|<<>>|237 of 293 Show listMobile Mode

Office Formats

Published by marco on

Microsoft recently released documentation for their binary office formats in both PDF and their own XPS format. The PDF for Word weighs in at 2.8MB and has 210 pages. Why are the Microsoft Office file formats so complicated? by Joel Spolsky, provides a lot of good reasons for why the formats are so complicated (most rooted in history), like speed, complexity of the task, purely internal formats (until now), etc.

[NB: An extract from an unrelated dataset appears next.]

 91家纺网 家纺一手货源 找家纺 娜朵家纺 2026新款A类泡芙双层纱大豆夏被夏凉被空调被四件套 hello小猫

Where Spolsky veers off the path (and he almost always does) is in reaching a bit too far with his “workarounds”. Instead of trying to load the binary formats yourself, he suggests simply launching Word or Excel as a COM object “directly, even from ASP or ASP.NET code running under IIS”. The caveat comes only later and tells only of a “few gotchas”, like it “not [being] officially supported by Microsoft”. He includes a link to a knowledge base article which uses a lot of words to say the equivalent of “for the love of the sweet baby Jesus, don’t do this.” Clearly, Spolsky was so enchanted by his prose and clever examples that he didn’t think Microsoft explicitly countermanding his idea was enough reason not to publish it to the world[1].

His advice to hide this type of solution behind a web service for Linux servers actually goes for ASP.NET servers as well. If you need to read the Office format (or generate it), there are libraries that do this without using office itself. The POI java library from Apache works quite well for generating Excel and Word documents. If you’re using .NET, you can hide the POI library behind a web service and call that instead. Even a Tomcat server to run a little web service won’t weigh more than running Office in a Windows 2003 Server. If you do have to run a Windows 2003 Server in a Linux environment, consider running it a virtual machine under Xen or some other virtualization solution.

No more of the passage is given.